What Happened in 2023 in Computing?
Some Key Takeaways
Every week, the Future of Computing newsletter features our interviews with founders and industry experts and computing news – breakthroughs, funding rounds, and more. Here are some key takeaways about what made the headlines in 2023:
- Small language models started matching larger, closed-source models in performance while being small and (cost-)efficient enough to run locally.
- We got strong signs that machine learning will help not only with writing poems but also developing better materials, computer chips, or batteries – and assisting humans to shape the worlds of atoms.
- Memory, not GPUs, has become the bottleneck holding back machine learning, so we need faster, high-bandwidth memory.
- GPUs are better than CPUs for machine learning tasks, but people started exploring what’s next – maybe chips leveraging in-memory computing or fully analog AI chips.
- Similar in spirit, people are looking more than ever into what’s next beyond silicon – maybe another semiconductor material or even leveraging entirely new physical principles for computing – more on optical computing below.
- Extreme ultraviolet lithography (EUV) came to fruition as TSMCs 3nm node reached volume production, among others, for Apple’s M3 chips series.
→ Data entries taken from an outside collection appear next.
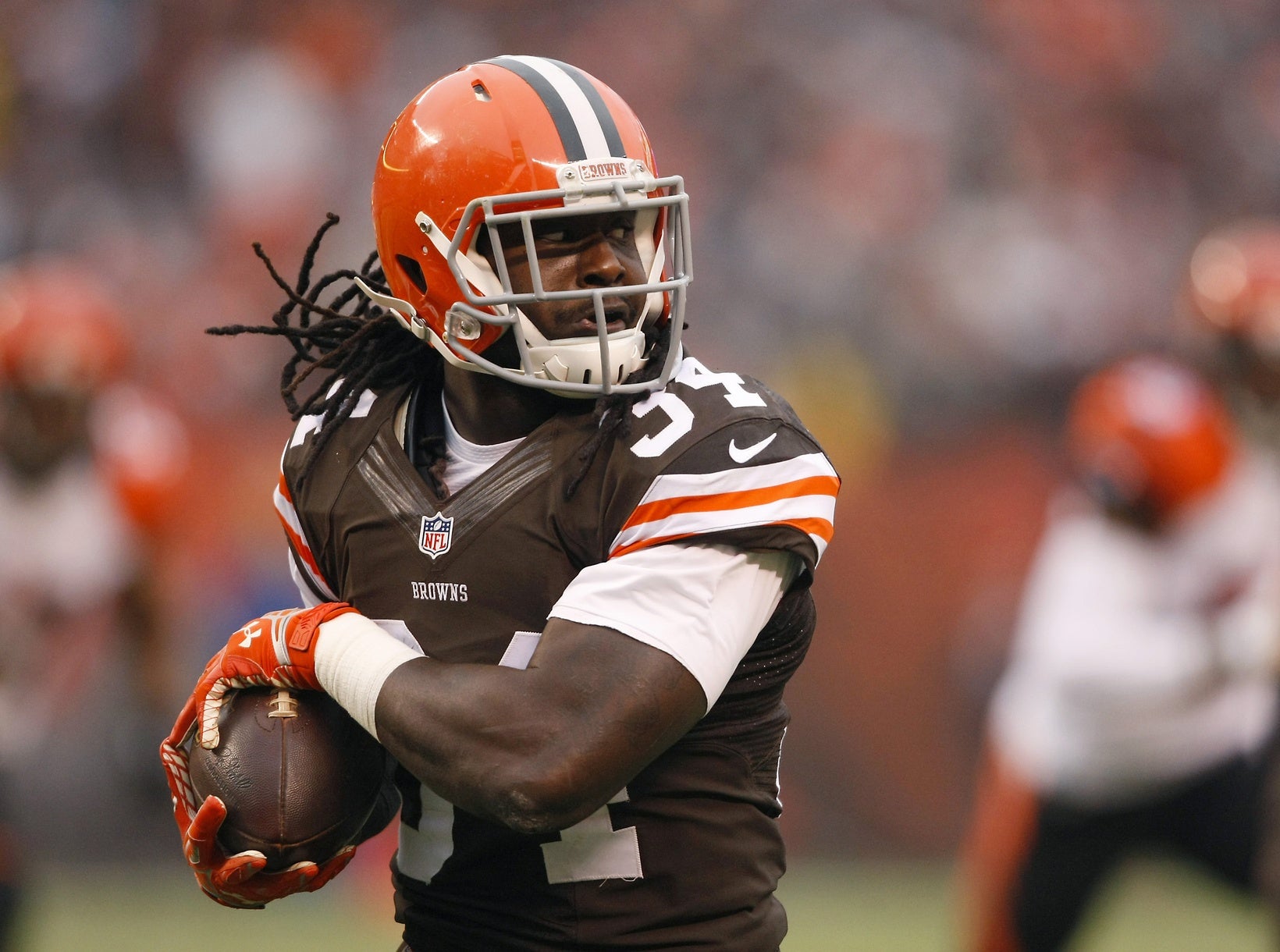 Browns HC Jackson committed to running the ball, says Crowell can get  better, PFF News & Analysis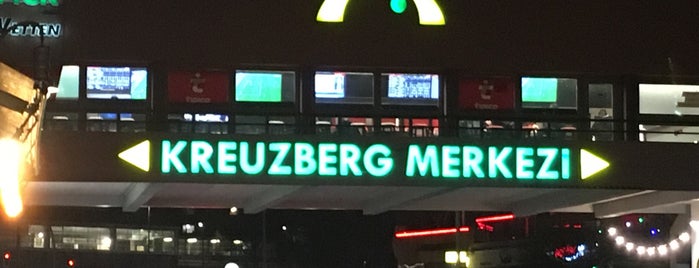 Kreuzberg is one of Aslı P.'ın Beğendiği Mekanlar.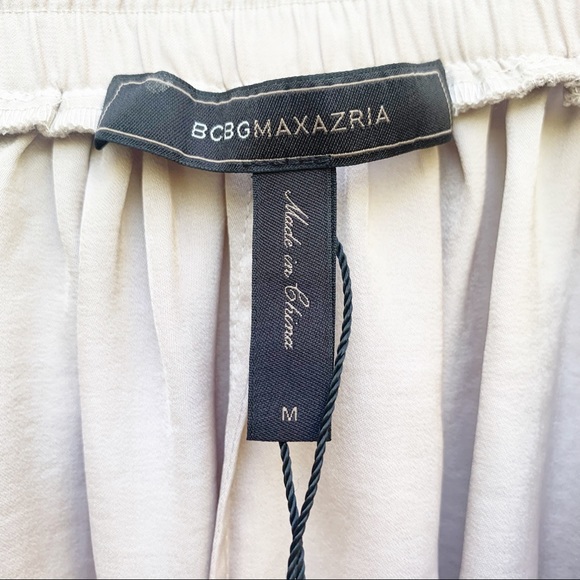 SOLD! BCBGMaxAzria Sheena Play Shorts Light Stone - Picture 5 of 8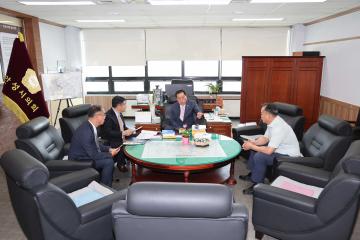한경국립대학교 이원희 총장 안성시의회 방문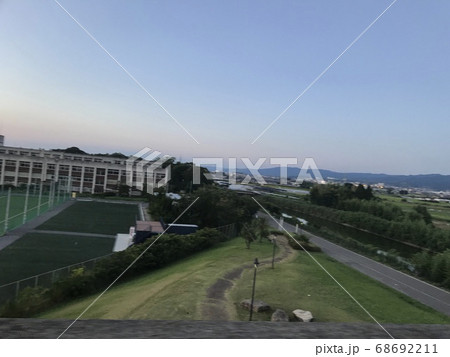 日没の公園とグラウンド 68692211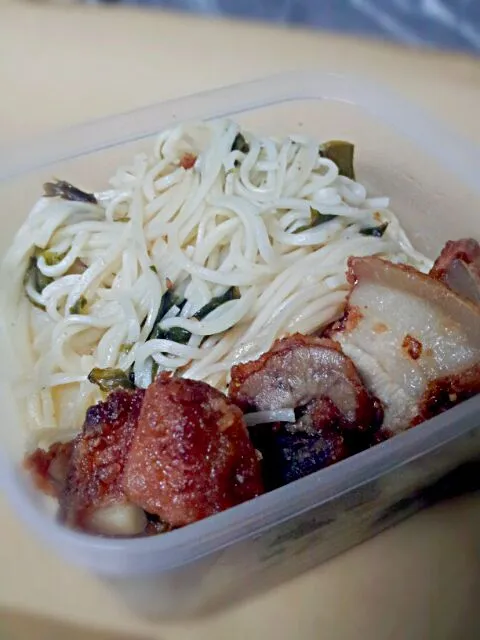 Snapdishの料理写真:fried pork mee sua with roasted sesame|Ahhuilah Chiaさん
- While large and larger quantum computers were announced, we have seen in 2023 the first quantum processors with many logical qubits – an important milestone.
- Access to quantum computers for experimentation has become fairly easy through cloud providers. Meanwhile, quantum-inspired, classical algorithms showed value in AI, e.g., for compressing machine learning models.
- The photonics industry shifted its focus from optical AI accelerators to photonic interconnects as a potential remedy for the AI memory bottleneck.